エンパイア・オブ・ライト(2022年製作の映画)
4.1
「母におきたことが僕にも起きた。将来僕の子にも起きる。たまに考えるよ。何のための人生か」

黒人排斥を掲げる人種差別主義者のスキンヘッドの若者たちの暴力にさらされたスティーヴンの悲しみとも怒りともあきらめともつかないつぶやきを聞いて、何世紀にもわたってユダヤ人を迫害してきた西洋社会が、ついにイスラエルという鬼っ子を生んでしまったこと、その暴走を誰も止められないことへの悲しみと怒りとあきらめが、心の奥底で行き場を失い、うごめいている。移民排斥や人種差別も、何世代も続けていれば、いつか第二のイスラエルを生んでしまうおそれがある。

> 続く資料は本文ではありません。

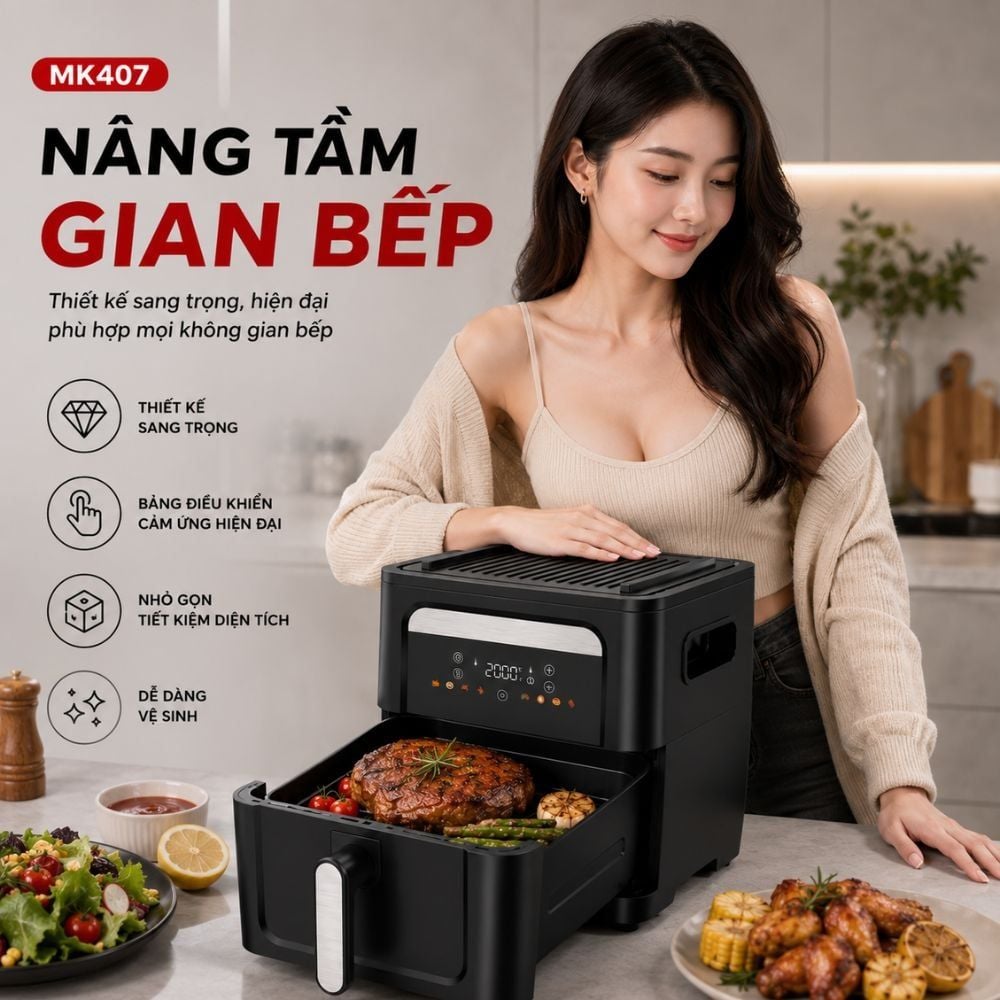 Nồi Chiên Không Dầu Kèm Vỉ Nướng 2-in-1 Mishio MK407: Nâng Tầm Món Ngon, Tiện Lợi Vượt Trội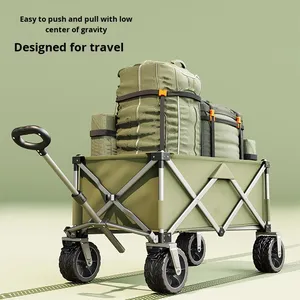 Wholesale Four-Wheel Portable Shopping Cart <b>Foldable</b> Self-Driving Camping <b>Trolley</b> Outdoor Camp Vehicle with Storage Features - Product Image 3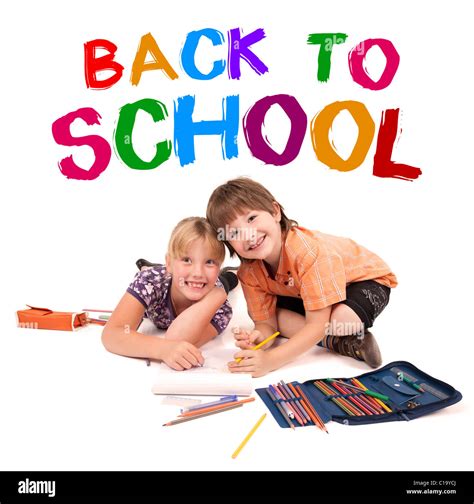 Kids Posing For Back To School Theme Over White Background Stock Photo
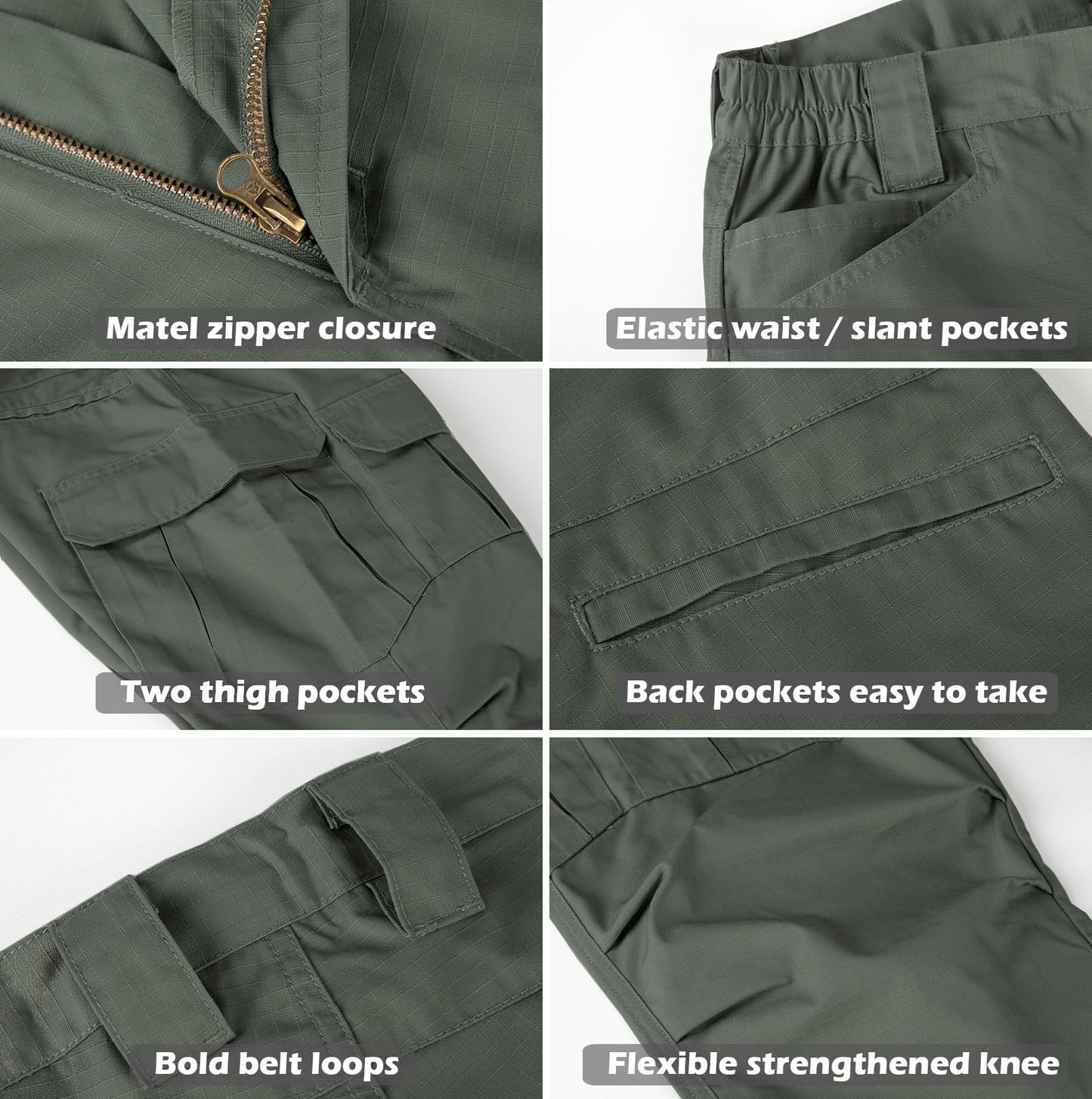 NAVEKULL Men's Outdoor Tactical Pants Rip Stop Lightweight Waterproof Military Combat Cargo Work Hiking Pants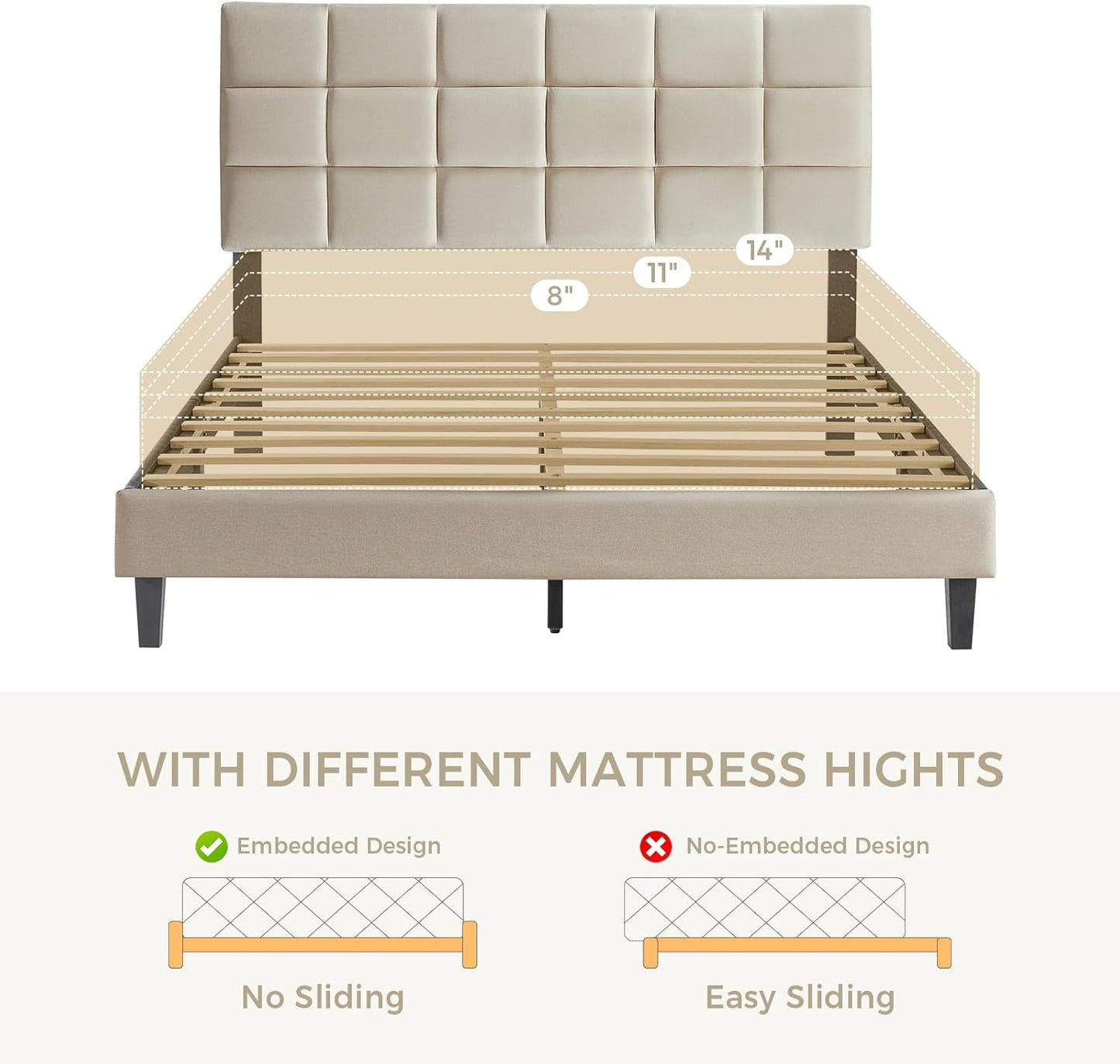 Susalt Queen Size Bed Frame - Upholstered Linen Headboard, No-Noise Design, Easy Assembly, 1000LBS Capacity | Beige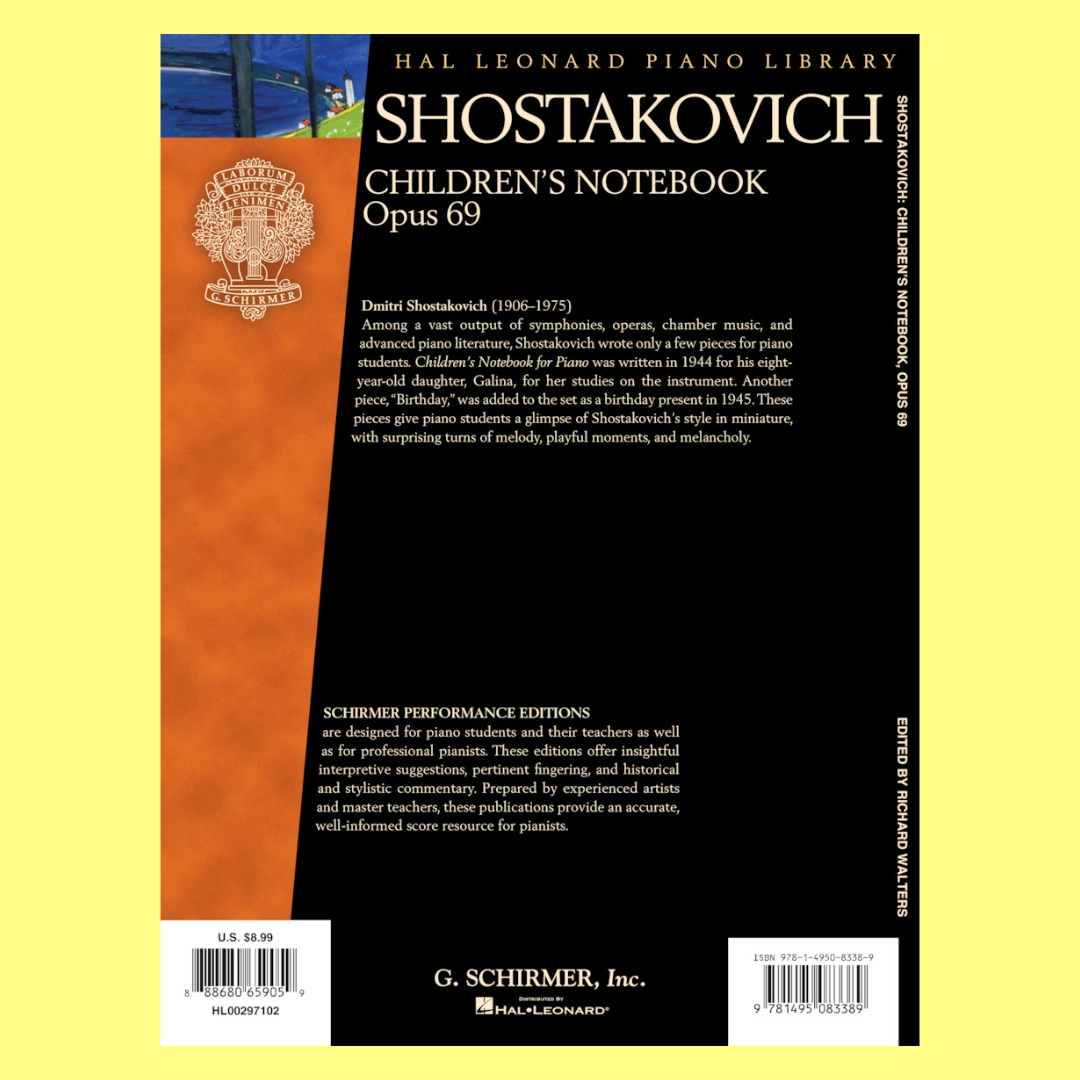 Shostakovich - Childrens Notebook Op 69 Spe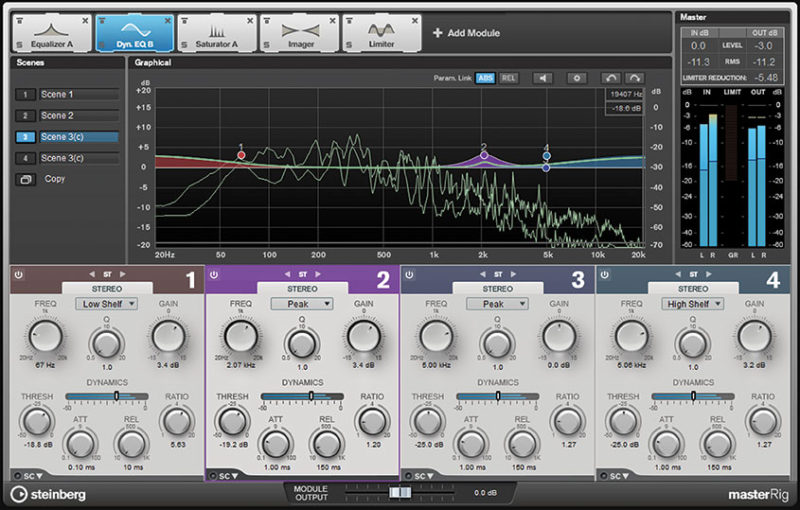 Il plug-in MasterRig con il modulo Limiter. La striscia in alto permette di attivare  fino a otto elaboratori del segnale contemporaneamente. Dalla colonna a sinistra  si attivano fino a quattro scene.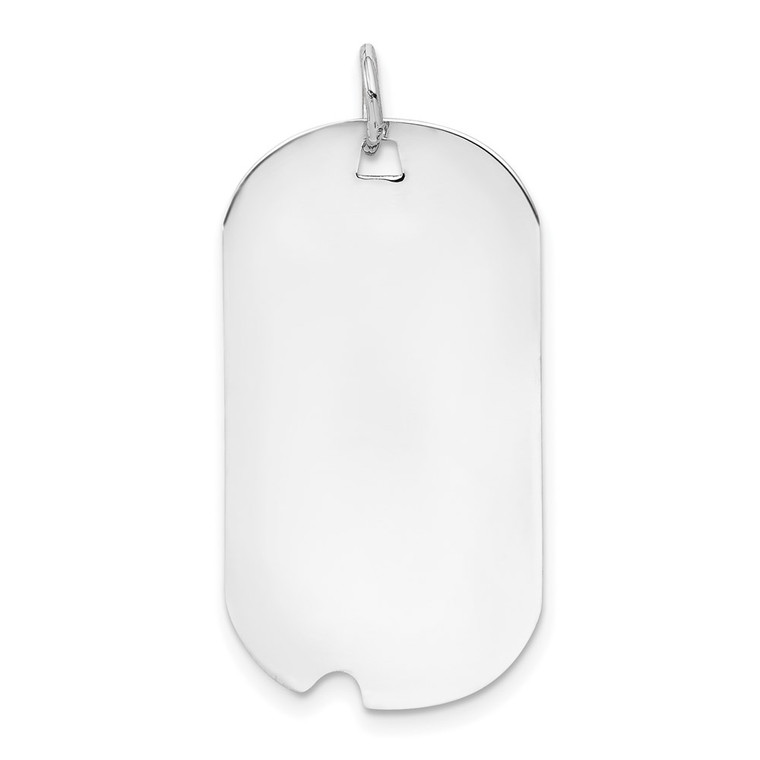 14k White Gold Plain .027 Gauge Engravable Dog Tag w/Notch Disc - XW-32F9899A-9110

いや、すでにアメリカはその段階に入ってしまったのかもしれない。

男たちへの不信感から精神を病み、傷ついたヒラリーが同僚の映画技士ノーマンからすすめられて見た映画「Being There(チャンス)」のことが気になった。こんな記事を見つけた。

『チャンス』伝説のコメディアン、ピーター・セラーズが代表作に刻みつけたもの|CINEMORE(シネモア) https://cinemore.jp/jp/erudition/2861/article_2862_p1.html

問題を抱えた人たちを引き寄せる不思議な映画館「エンパイア・シネマ」には、あらゆることを包み込むような、やわらかい光がみちていた。

ちなみに、もしこの作品が、情緒不安定の黒人のくたびれたおっさんと20歳前後の白人女性、あるいは、メンタルに問題を抱え入院歴のある白人のおっさんと20代の黒人女性の物語だったら……。おそらく、まったく違った印象の作品になっただろうことを思うと、最近ネットを騒がせている問題の複雑さが浮き彫りになる。